I just wanted to give a quick thanks to Maureen H for her recent review of Veneer. I tend to look at my books as always increasing in quality, and yet it’s Veneer, my second book, that continues to outsell the others. I don’t know why that is. From the reviews, it seems people really enjoy the concept of augmented reality, while others like the characters themselves. Some people don’t like the book at all, but who has time to think about that?
A really enjoyable piece of near-future sci-fi. The premise of this book is fairly simple – somewhere in the fairly near future, society has collapsed and rebuilt itself with the addition of the “veneer”, the supposedly innate ability of the people to shape their world to look like whatever they want it to look like. When a young man starts to see underneath the veneer, he starts on a track that leads him to attempt to take down the system. Helping him are his girlfriend and best friend; against him, an entire system of secret agents, plus his childhood nemesis. The main question here is an interesting one. What would the world be like if we could shape it to suit our desires, like we can online now? The veneer is a means of control for the corporations – things look pretty, so no one questions what the world is like without it. A single corrupt company essentially controls the world, and their agents enforce the control using deadly force, if necessary. The young characters are well drawn and strongly motivated, whether they’re good or evil. I do have some issues with how the author treats homosexuality, but overall I was really engaged by the writing and the book as a whole.
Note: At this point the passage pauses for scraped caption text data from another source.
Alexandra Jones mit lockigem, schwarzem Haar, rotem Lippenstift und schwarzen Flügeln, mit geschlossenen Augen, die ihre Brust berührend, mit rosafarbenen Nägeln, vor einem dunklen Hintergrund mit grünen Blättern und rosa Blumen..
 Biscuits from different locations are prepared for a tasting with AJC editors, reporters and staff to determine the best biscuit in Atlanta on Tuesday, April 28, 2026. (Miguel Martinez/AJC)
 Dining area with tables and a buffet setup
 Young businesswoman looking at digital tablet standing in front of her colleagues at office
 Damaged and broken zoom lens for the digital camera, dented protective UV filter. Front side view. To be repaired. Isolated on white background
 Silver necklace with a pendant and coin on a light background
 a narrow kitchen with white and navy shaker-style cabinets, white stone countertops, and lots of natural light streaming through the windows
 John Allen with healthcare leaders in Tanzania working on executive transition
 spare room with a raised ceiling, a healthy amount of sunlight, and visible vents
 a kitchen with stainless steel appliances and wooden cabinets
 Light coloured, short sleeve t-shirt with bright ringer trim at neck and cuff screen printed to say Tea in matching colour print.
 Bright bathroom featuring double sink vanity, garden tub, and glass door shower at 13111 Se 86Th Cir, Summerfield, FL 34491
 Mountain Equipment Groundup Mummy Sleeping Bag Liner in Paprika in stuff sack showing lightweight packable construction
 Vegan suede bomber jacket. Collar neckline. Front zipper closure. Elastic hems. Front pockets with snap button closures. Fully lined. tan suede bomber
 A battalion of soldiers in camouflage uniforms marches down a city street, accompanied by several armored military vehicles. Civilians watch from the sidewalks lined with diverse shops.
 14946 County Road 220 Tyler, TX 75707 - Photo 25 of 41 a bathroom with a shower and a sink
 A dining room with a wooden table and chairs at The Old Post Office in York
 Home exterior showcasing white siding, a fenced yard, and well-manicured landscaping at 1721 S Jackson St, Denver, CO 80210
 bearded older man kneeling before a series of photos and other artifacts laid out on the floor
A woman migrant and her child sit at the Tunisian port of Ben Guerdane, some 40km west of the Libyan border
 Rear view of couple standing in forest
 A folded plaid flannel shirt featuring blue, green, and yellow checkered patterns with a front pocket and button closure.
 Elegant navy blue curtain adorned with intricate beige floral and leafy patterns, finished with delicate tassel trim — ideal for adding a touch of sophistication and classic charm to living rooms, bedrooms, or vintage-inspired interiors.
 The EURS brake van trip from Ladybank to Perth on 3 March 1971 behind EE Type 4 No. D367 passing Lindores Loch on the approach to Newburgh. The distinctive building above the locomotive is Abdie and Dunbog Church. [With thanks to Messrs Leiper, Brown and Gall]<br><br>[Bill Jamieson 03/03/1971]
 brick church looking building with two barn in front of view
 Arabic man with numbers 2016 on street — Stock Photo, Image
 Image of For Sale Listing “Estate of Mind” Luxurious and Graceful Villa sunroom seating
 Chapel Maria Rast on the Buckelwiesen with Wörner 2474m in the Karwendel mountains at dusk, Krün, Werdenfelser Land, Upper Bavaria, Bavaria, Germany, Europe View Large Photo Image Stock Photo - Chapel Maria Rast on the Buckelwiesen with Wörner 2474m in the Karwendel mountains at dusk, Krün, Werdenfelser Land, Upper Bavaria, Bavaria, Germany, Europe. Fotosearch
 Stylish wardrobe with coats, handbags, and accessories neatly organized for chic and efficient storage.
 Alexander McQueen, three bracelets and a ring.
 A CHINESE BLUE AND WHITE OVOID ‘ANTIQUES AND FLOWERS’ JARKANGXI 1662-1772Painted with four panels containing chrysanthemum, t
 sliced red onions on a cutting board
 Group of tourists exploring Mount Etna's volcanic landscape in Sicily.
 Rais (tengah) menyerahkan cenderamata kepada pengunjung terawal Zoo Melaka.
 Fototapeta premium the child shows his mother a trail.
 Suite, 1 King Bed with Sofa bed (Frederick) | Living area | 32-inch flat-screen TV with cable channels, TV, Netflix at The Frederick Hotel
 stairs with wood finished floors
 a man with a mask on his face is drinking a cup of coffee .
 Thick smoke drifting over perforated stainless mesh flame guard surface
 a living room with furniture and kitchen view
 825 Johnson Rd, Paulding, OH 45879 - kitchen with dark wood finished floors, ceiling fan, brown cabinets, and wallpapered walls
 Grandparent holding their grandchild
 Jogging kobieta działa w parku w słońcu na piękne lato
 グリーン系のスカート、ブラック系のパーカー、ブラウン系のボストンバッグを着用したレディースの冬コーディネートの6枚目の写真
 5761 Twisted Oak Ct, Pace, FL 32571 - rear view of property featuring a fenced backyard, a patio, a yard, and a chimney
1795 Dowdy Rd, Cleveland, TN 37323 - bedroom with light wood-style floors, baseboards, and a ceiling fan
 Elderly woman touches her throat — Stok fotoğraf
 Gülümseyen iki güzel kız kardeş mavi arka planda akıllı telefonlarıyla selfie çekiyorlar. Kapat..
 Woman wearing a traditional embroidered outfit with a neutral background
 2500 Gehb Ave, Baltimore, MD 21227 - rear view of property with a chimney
Daniel Verastiqui’s best book yet. I have read a couple of his books before, and was graced with an advanced copy. Perion Synthetics is his best book yet. He follows different characters, giving you a well rounded view of the futuristic world through many different lenses, leaving you frantically reading for more, unable to put the book down. Throughout the whole book, you are not only entertained with an interesting story, but left with a nagging thought of what is truly a human soul vs artificial intelligence, and what are its rights. I have dismissed such conversations before, but Perion Synthetics presents some realistic issues we may face in the not too distant future. For those needing to know more specifics for youths reading it: There is explicit language, sex, and violence. This may not be a book for people under 16. But for science fiction readers who don’t mind that like I do, this book is a great read. I recommend it for anyone’s library.